AKP iktidar senelerında saray ve laik kısımları fazla huylandırmamak için ıslah telaffuzunu daha epey iktisada hasretti.

Aslında özgün bir ekonomik programı da yoktu.

Yaptığı Türkiye’de AKP’nin yaptığından farklı değildi: Kemer sıkma, özelleştirme ve kamusal harcamaları kısmaya dayalı IMF programını izlemek.

Müslüman Kardeşler için son baharın devamı

Seçim sonuçları, Arap Baharı sırasında örgütlü alternatif olarak öne çıkan Müslüman Kardeşler jenerasyonunun şiddetli bir sonbahar yaşadığını teyit ediyor.

Mısır’daki ana gövdeyi, iki kademeli bir müdahale bitirdi: Cumhurbaşkanı Muhammed Mursi idaresinin bir yıllık iktidarı boyunca izlediği uzlaşmaz ve zıtlaşan siyaset toplumsal bir reddiyeyle karşılaştı.

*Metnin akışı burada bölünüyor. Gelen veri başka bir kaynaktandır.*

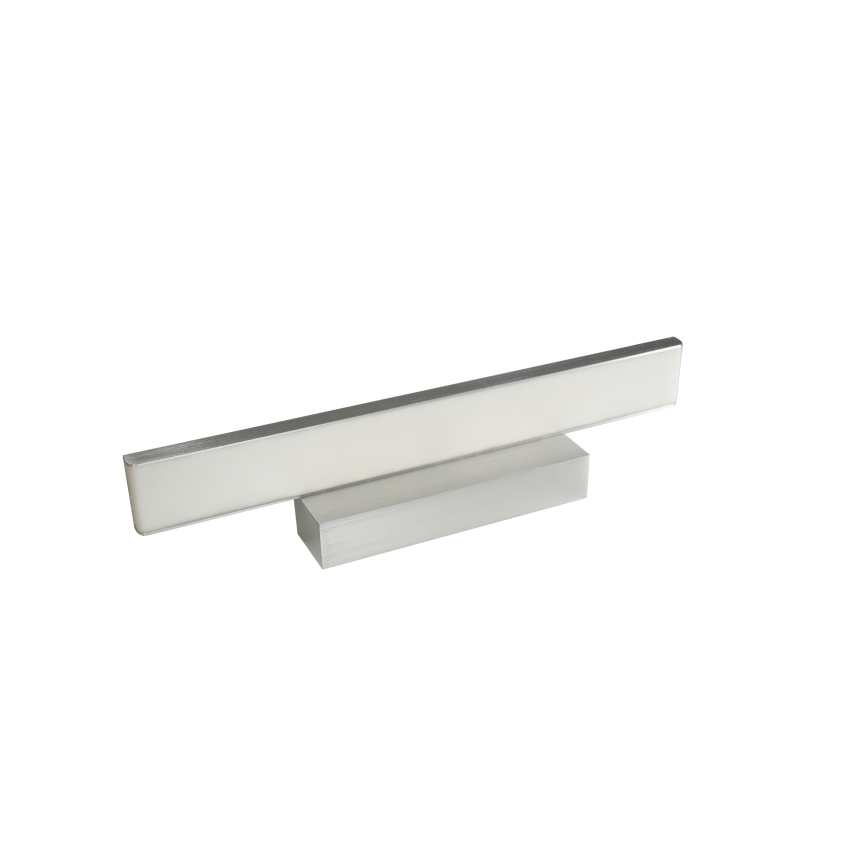 Top Light - Illuminazione LED per specchio da bagno COLUMBIA LED/8W/230V 3000/4000/6500K IP44 cromo satinato 40 cm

Sokaktan gelen istifa baskısına direnen Müslüman Kardeşler’i, Savunma Bakanlığı ve Genelkurmay Başkanlığı koltuğunda oturan Abdulfettah el Sisi’nin darbesi bitirdi.

Müslüman Kardeşler’in Tunus uzantısı El Nahda ise iktidarda kalmak için eski rejim ögeleriyle işbirliği yapmaktan kaçınmayan bir pragmatizm izledi.

Nihayetinde sistemdeki kilitlenmenin sorumlusu tutuldu ve Cumhurbaşkanı Kays Said’in anayasal müdahalesiyle kenara çekildi.

Said ülkeyi olağanüstü yetkiyle yönetirken El Nahda içten içe kaynıyor.

Fas’ta ise AKP’yi bitiren hükümdardan fazlaca kralcılığı ve mutlak başarısızlığı oldu.

Ama Fas’ı başkalarından ayıran nokta; seçimle gelen İslamcı bir parti seçimle gitti. Ve bayanlar bu kararı belirleyen en dinamik faktör oldu.